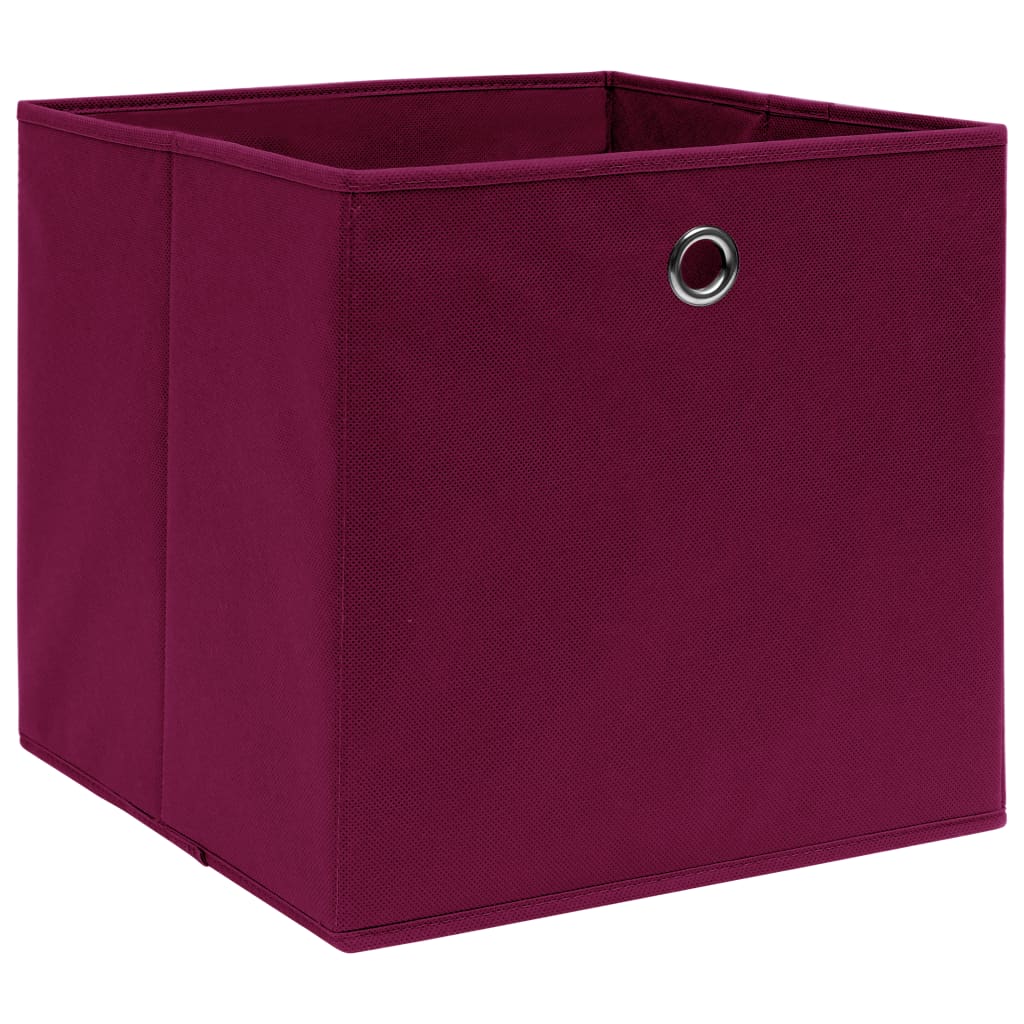 Vidaxl storage boxes 4 pcs 32x32x32 cm fabric dark red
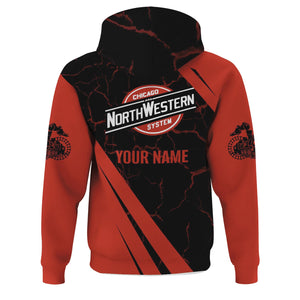 Railspirit Personalized Chicago and North Western Railway Hoodie Crackle Texture Style Train Zip Up Hoodie For Trackhead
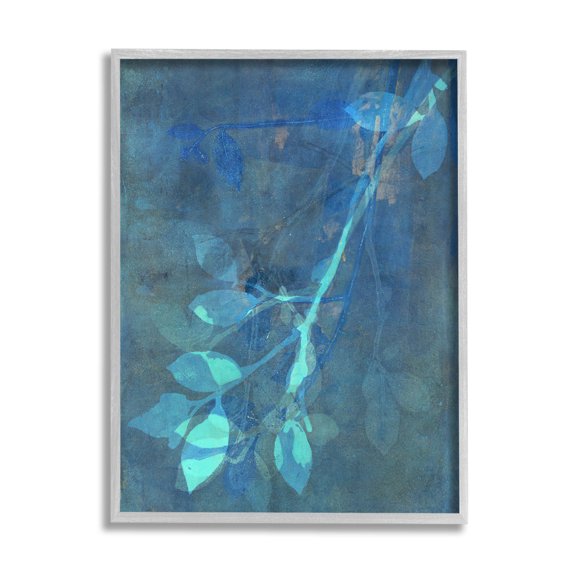Layered Abstract Botanical Leaves Botanical & Floral Graphic Art Gray Framed Art Print Wall Art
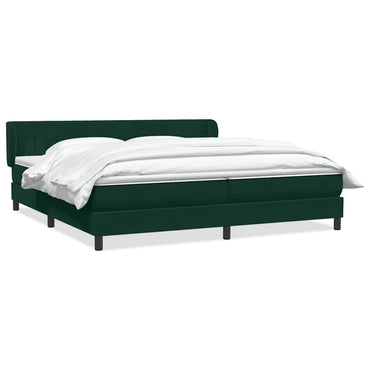vidaXL Boxspringbett mit Matratzen Dunkelgrün 180x210 cm Samt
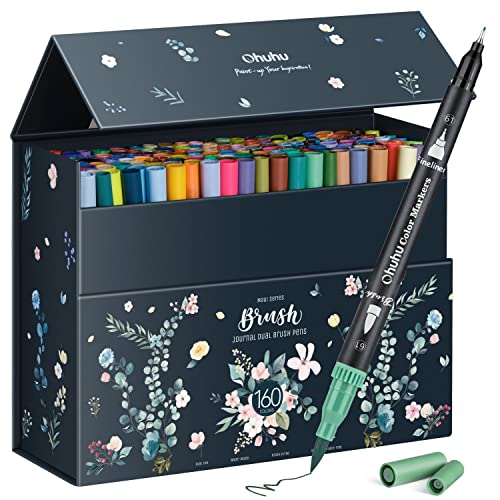 Ohuhu 160 Farben Filzstifte – Dual Brush Pen Set mit Doppelspitze (Pinsel & Fineliner), wasserbasierte Stifte für Erwachsene – Ideal für Bullet Journal, Kalligraphie Mandala, Maui Serie von Ohuhu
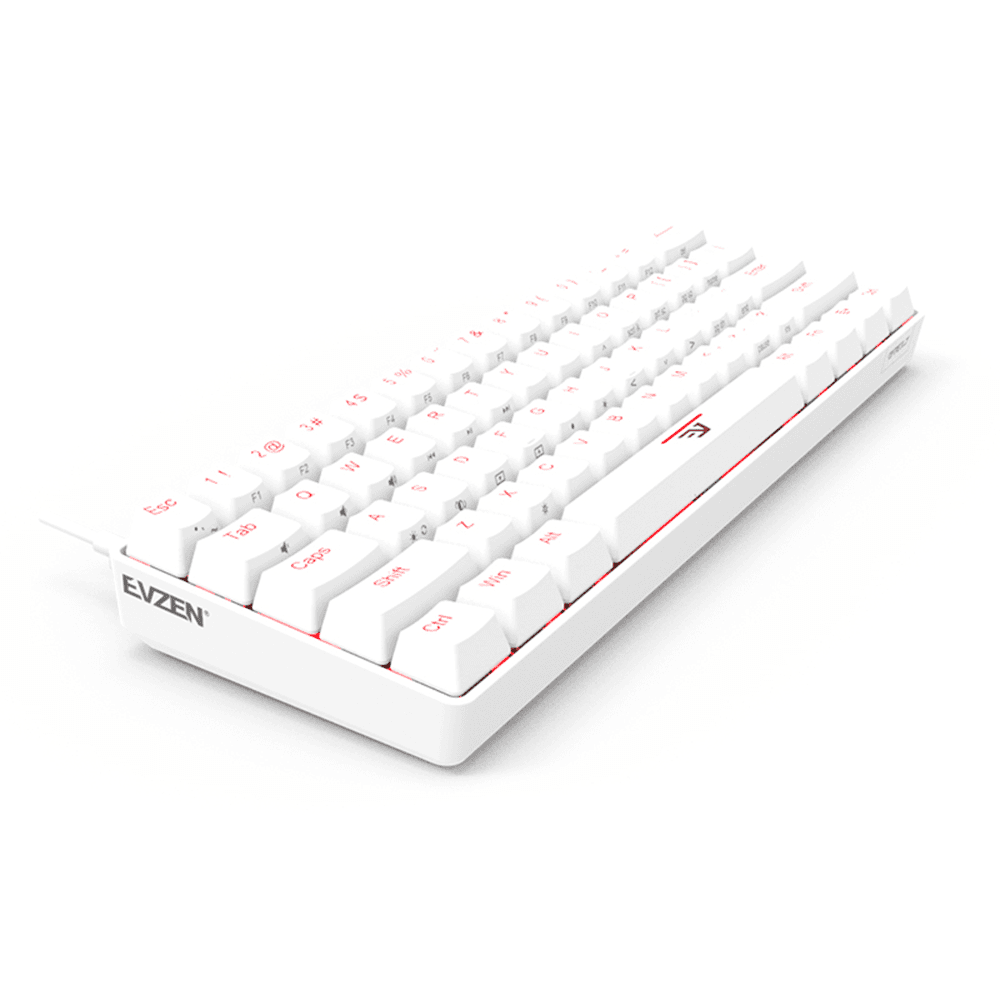 Imagem 2 de 4 do produto Teclado Mecânico Gamer Evzen Elite NinexT Panzer Mini, Com Fio, Branco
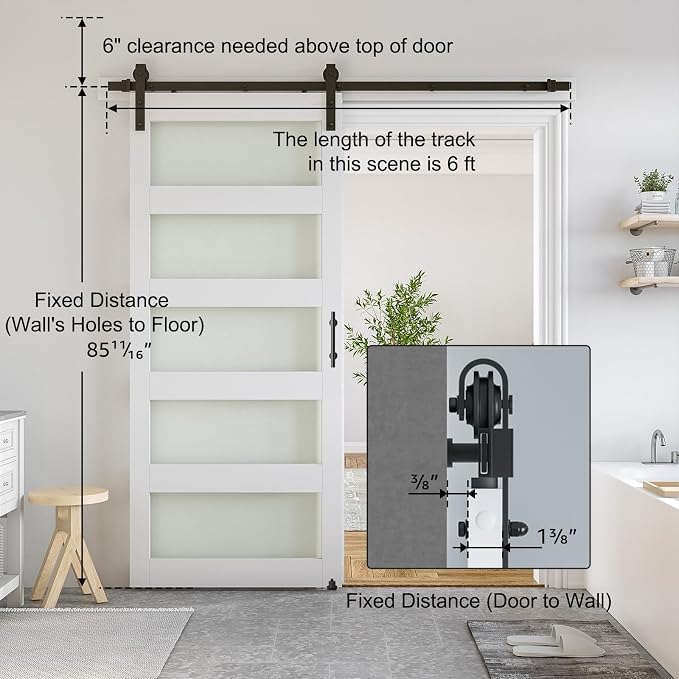 SmartStandard 34 x 84 in Glass Barn Door - Image 3
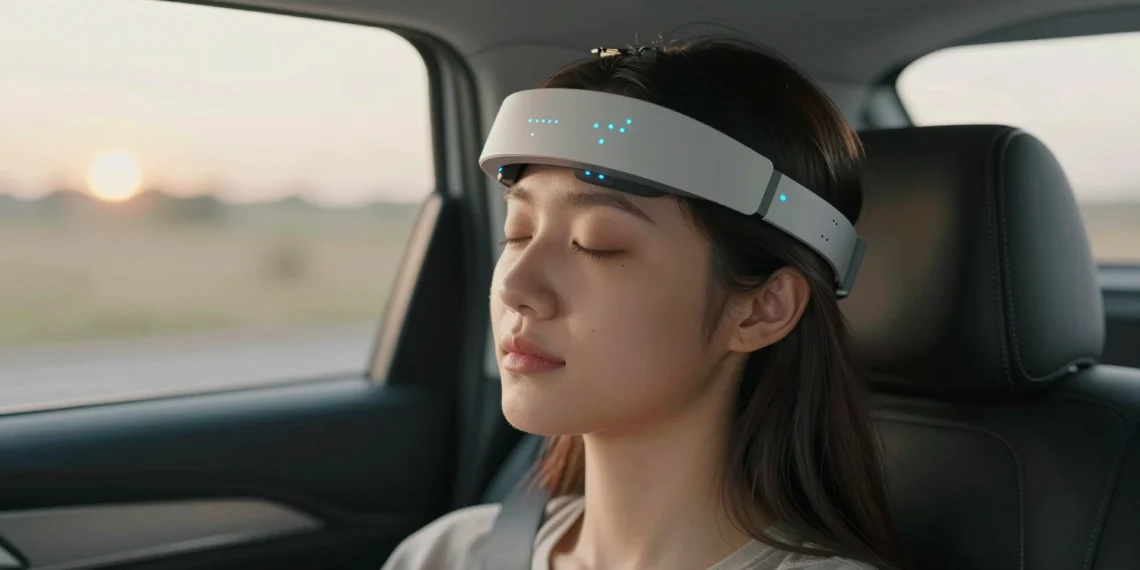 Una diadema con IA lee las ondas cerebrales de los pasajeros para acabar con el mareo en el coche 1 Mujer joven en el asiento del copiloto con una diadema de IA con sensores EEG que emiten luz azul para combatir el mareo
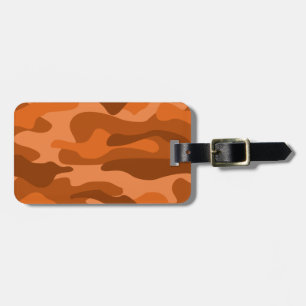 Spanish Orange Monocolor Camo Luggage Tag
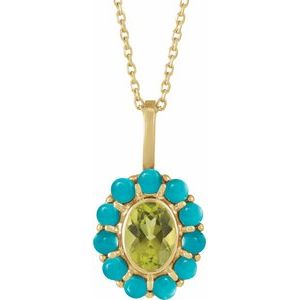 14K Yellow Gold Natural Peridot & Natural Turquoise Halo-Style 16-18" Necklace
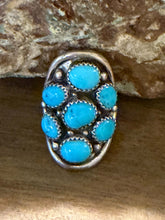 Load image into Gallery viewer, Navajo sterling silver turquoise cluster ring size 8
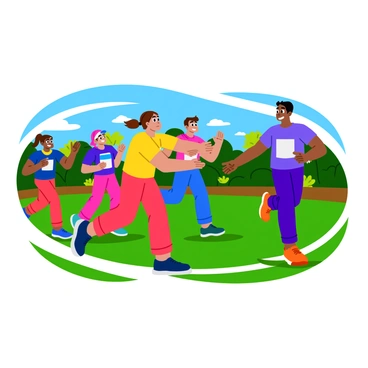A group of five runners in colorful athletic outfits, each wearing bright sneakers, are participating in a relay race. The runners are positioned in a lively outdoor setting, surrounded by green grass and cheering spectators in the background. One runner is extending their arm forward to pass the baton, while another eagerly reaches out with a big smile on their face, showcasing moments of teamwork and camaraderie. The expressions on their faces are joyful, and they are all focused on the race, with a clear blue sky above them. Each runner has unique hairstyles and accessories that add to their individual personalities.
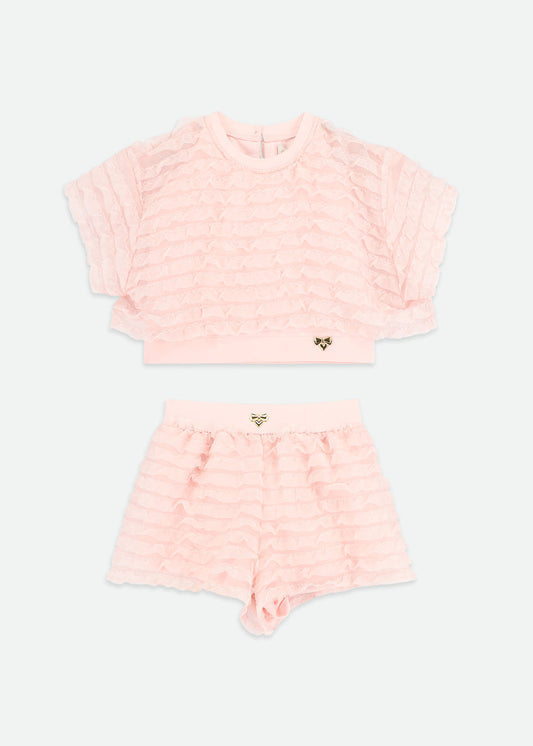 Natalia Frilly Tee & Short Set/Angels Face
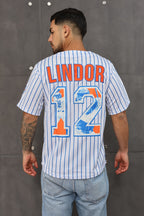 New York # 12 Baseball Jersey –Blue  White Stripe Fans Edition | Unisex
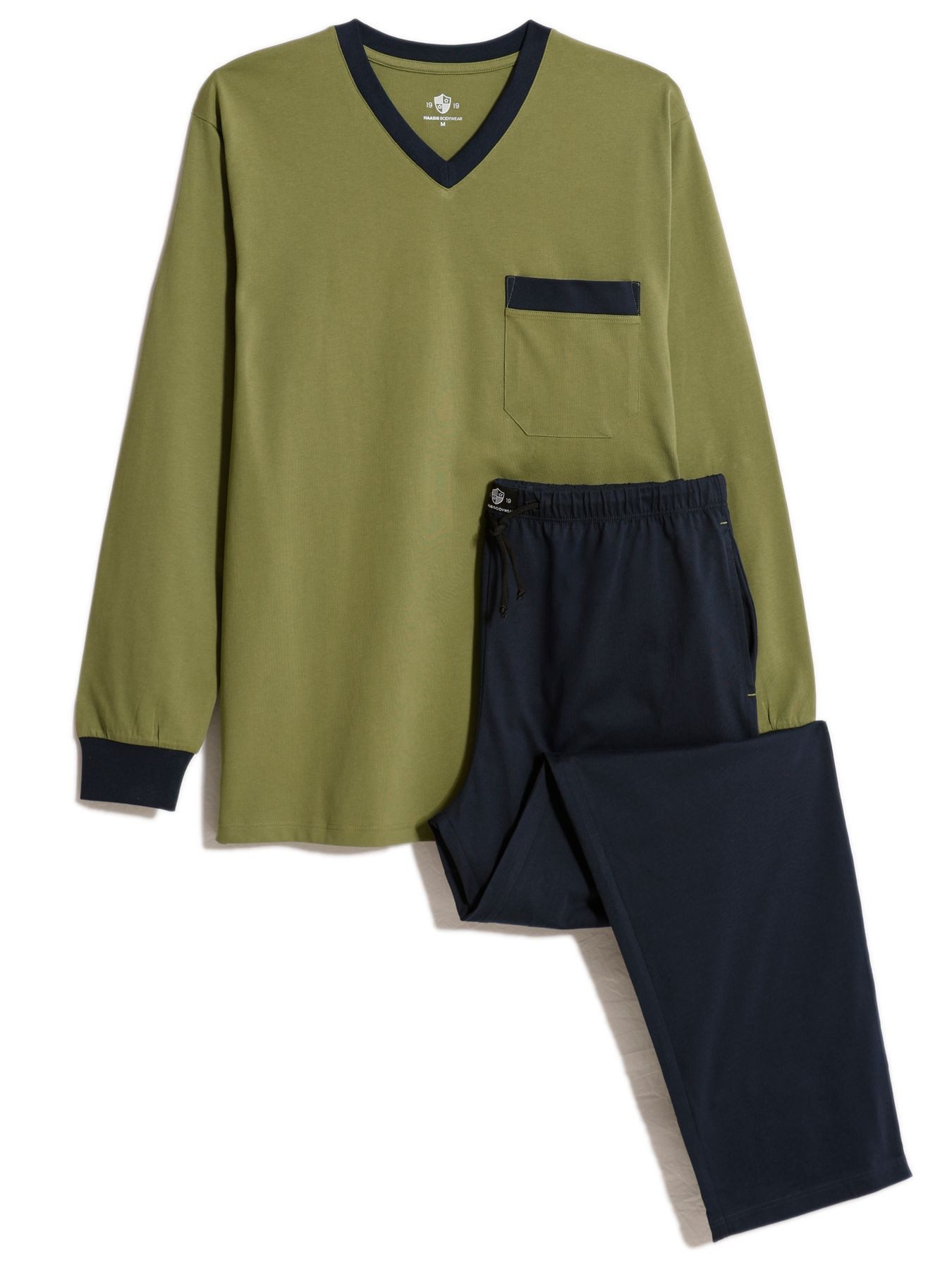 HAASIS Bodywear 1919 Pyjama Herren Pyjama 77109922-navy/olive (1 tlg) Pyjama, V-Hals, Brusttasche, Hose m. Seitentaschen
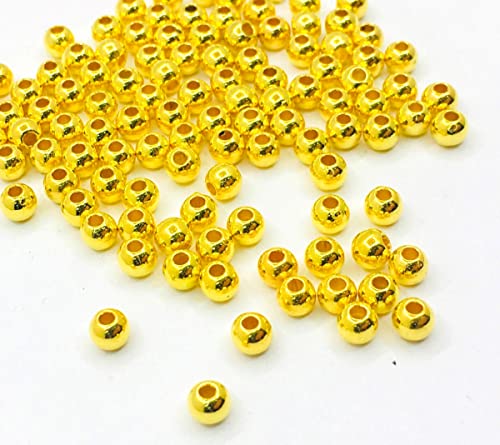 1000stk Kunststoffperlen Luxus Metallische Gold Acrylperlen 4mm Rund Plastik Perlen Lose Perle zum Auffädeln für Deko Basteln Schmuck von Perlin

════════════════════

No pictures belong in the copy. Repeat the entries exactly.

 Vidaxl storage boxes 4 pcs 32x32x32 cm fabric dark red
 Railspirit Personalized Chicago and North Western Railway Hoodie Crackle Texture Style Train Zip Up Hoodie For Trackhead
Layered Abstract Botanical Leaves Botanical & Floral Graphic Art Gray Framed Art Print Wall Art
vidaXL Boxspringbett mit Matratzen Dunkelgrün 180x210 cm Samt
 Ohuhu 160 Farben Filzstifte – Dual Brush Pen Set mit Doppelspitze (Pinsel & Fineliner), wasserbasierte Stifte für Erwachsene – Ideal für Bullet Journal, Kalligraphie Mandala, Maui Serie von Ohuhu
 Imagem 2 de 4 do produto Teclado Mecânico Gamer Evzen Elite NinexT Panzer Mini, Com Fio, Branco
 SmartStandard 34 x 84 in Glass Barn Door - Image 3
 Una diadema con IA lee las ondas cerebrales de los pasajeros para acabar con el mareo en el coche 1 Mujer joven en el asiento del copiloto con una diadema de IA con sensores EEG que emiten luz azul para combatir el mareo
 Spanish Orange Monocolor Camo Luggage Tag
 14K Yellow Gold Natural Peridot & Natural Turquoise Halo-Style 16-18" Necklace
 Load image into Gallery viewer, Navajo sterling silver turquoise cluster ring size 8
A group of five runners in colorful athletic outfits, each wearing bright sneakers, are participating in a relay race. The runners are positioned in a lively outdoor setting, surrounded by green grass and cheering spectators in the background. One runner is extending their arm forward to pass the baton, while another eagerly reaches out with a big smile on their face, showcasing moments of teamwork and camaraderie. The expressions on their faces are joyful, and they are all focused on the race, with a clear blue sky above them. Each runner has unique hairstyles and accessories that add to their individual personalities.
 Natalia Frilly Tee & Short Set/Angels Face
 New York # 12 Baseball Jersey –Blue  White Stripe Fans Edition | Unisex
 HAASIS Bodywear 1919 Pyjama Herren Pyjama 77109922-navy/olive (1 tlg) Pyjama, V-Hals, Brusttasche, Hose m. Seitentaschen
 1000stk Kunststoffperlen Luxus Metallische Gold Acrylperlen 4mm Rund Plastik Perlen Lose Perle zum Auffädeln für Deko Basteln Schmuck von Perlin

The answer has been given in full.